Le coprésident (le sénateur Roux): Monsieur Michaud, je suis désolé, mais il faut que j'aille au Sénat. Je ne sais pas si le sénateur Rivest va venir avec moi.

[Traduction]

Si vous n'y voyez pas d'inconvénient, la séance pourrait peut-être se poursuivre sous la présidence de M. Marchand, même si nous n'avons pas le quorum. Si personne ne pose la question, je crois que nous pouvons poursuivre.

[Français]

Le sénateur Rivest: Cela dépend de la limite de temps qu'il va s'accorder.

Des voix: Ah, ah!

Le coprésident (le sénateur Roux): Nous reviendrons aussitôt que le vote sera pris. Merci.

Le vice-président (M. Marchand): Je vous cède la parole, monsieur Michaud.

M. Michaud: Vous avez donné un bon exemple, monsieur Allmand, en disant que la Société Radio-Canada était un moyen de communication essentiel pour que nous puissions nous voir partout au Canada. Vous savez sans doute qu'il y a des Canadiens qui sont plus isolés que d'autres. Donc, la Société Radio-Canada, en tant que moyen de communication, est un élément extrêmement important, et cette agence gouvernementale doit avoir un plan d'action qui va permettre une régionalisation du fait francophone partout au Canada.

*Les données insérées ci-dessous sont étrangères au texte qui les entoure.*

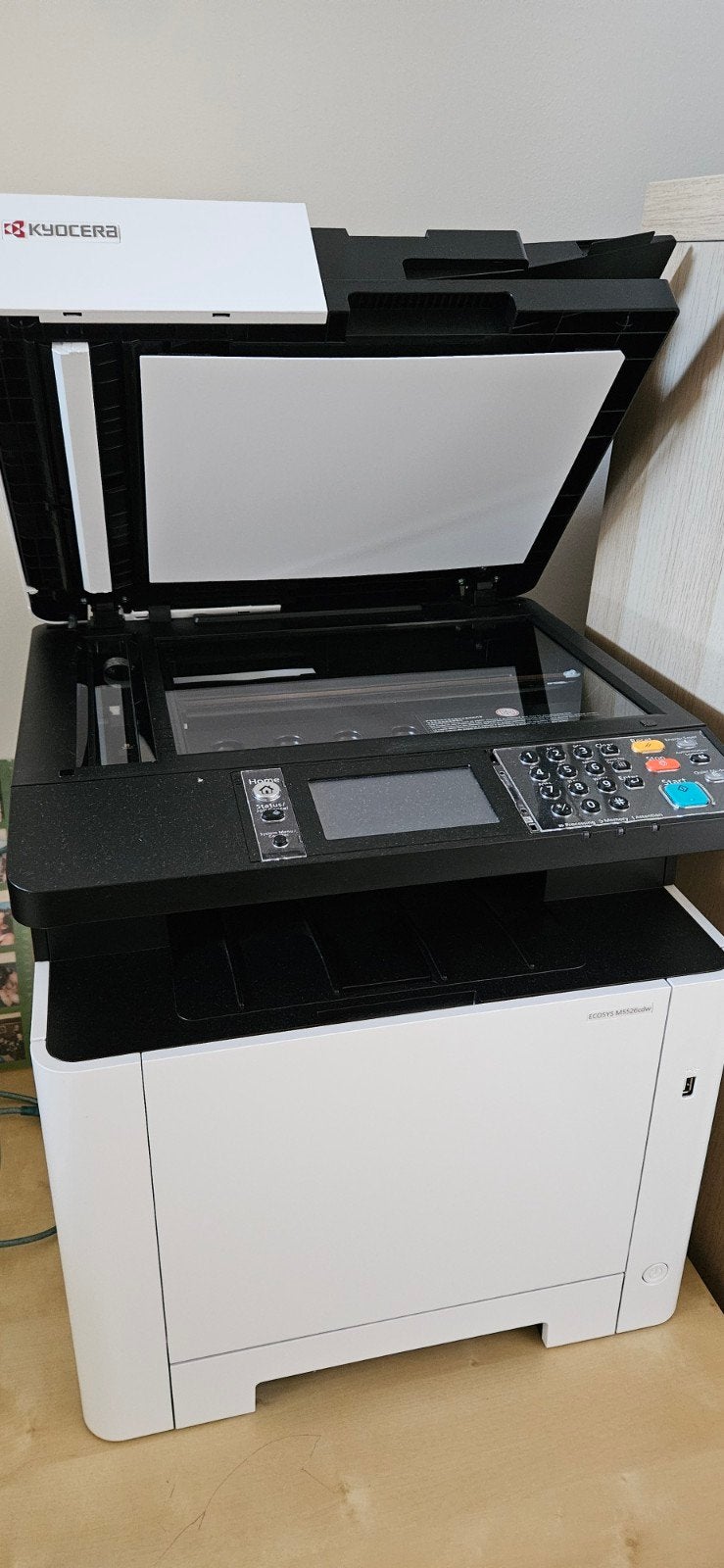 Imprimante Kyocera M5526cdw, Computers en Software, Printers, Ophalen, Faxen, Printer, Draadloos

En ce moment, on semble laisser entendre que Radio-Canada est une entité d'une région particulière du Canada, et on ne voit pas ce qui se fait à Saint-Boniface ou à Moncton. Ces gens-là ne se voient pas de façon pancanadienne au sein de cet élément de communication important.

En communication, il y a aussi tout ce qui est lié à Industrie Canada, comme l'informatique, l'Internet, etc. Il faut un plan pour assurer que l'élément francophone soit à la base de cette communication électronique. Actuellement, ce n'est pas évident, bien qu'on ait fait énormément de progrès.

La culture est aussi un élément extrêmement important pour l'identité...

M. Allmand: Il y a aussi le théâtre.

.1430

M. Michaud: C'est cela. Sans une formation sur le plan pancanadien, les francophones du Canada ne seront pas un élément stable sur le marché mondial. Donc, il faut s'assurer que Développement des ressources humaines Canada ait un plan pour assurer la formation de nos francophones sur le plan pancanadien.

Ce sont là des éléments importants pour nous.

On parle de tous ces plans-là pour s'assurer que la francophonie soit un élément économique stable pour le Canada si on veut garder la réputation internationale dont nous jouissons actuellement.

La francophonie doit devenir un élément de vente, une valeur ajoutée. D'ailleurs, c'est de ces priorités qu'on aurait discuté avec le ministère du Patrimoine canadien.

Le vice-président (M. Marchand): Merci, monsieur Michaud. Monsieur Leblanc, vous avez la parole.

M. Leblanc (Longueuil): On a beaucoup parlé de plans d'action, de politiques. On dit que le gouvernement a la volonté de le faire. On fait des déclarations. Ce qui m'a toujours surpris dans tout cela, c'est qu'on se donne peu de moyens pour réaliser tout ce qu'on dit.

Au Québec, quand on a promulgué la Loi 101, on a embauché environ 400 personnes pour la faire respecter et la promouvoir. C'est beau d'adopter des lois, d'avoir de la volonté, de faire des discours, mais si on ne se donne pas les moyens d'y arriver, on n'ira pas loin.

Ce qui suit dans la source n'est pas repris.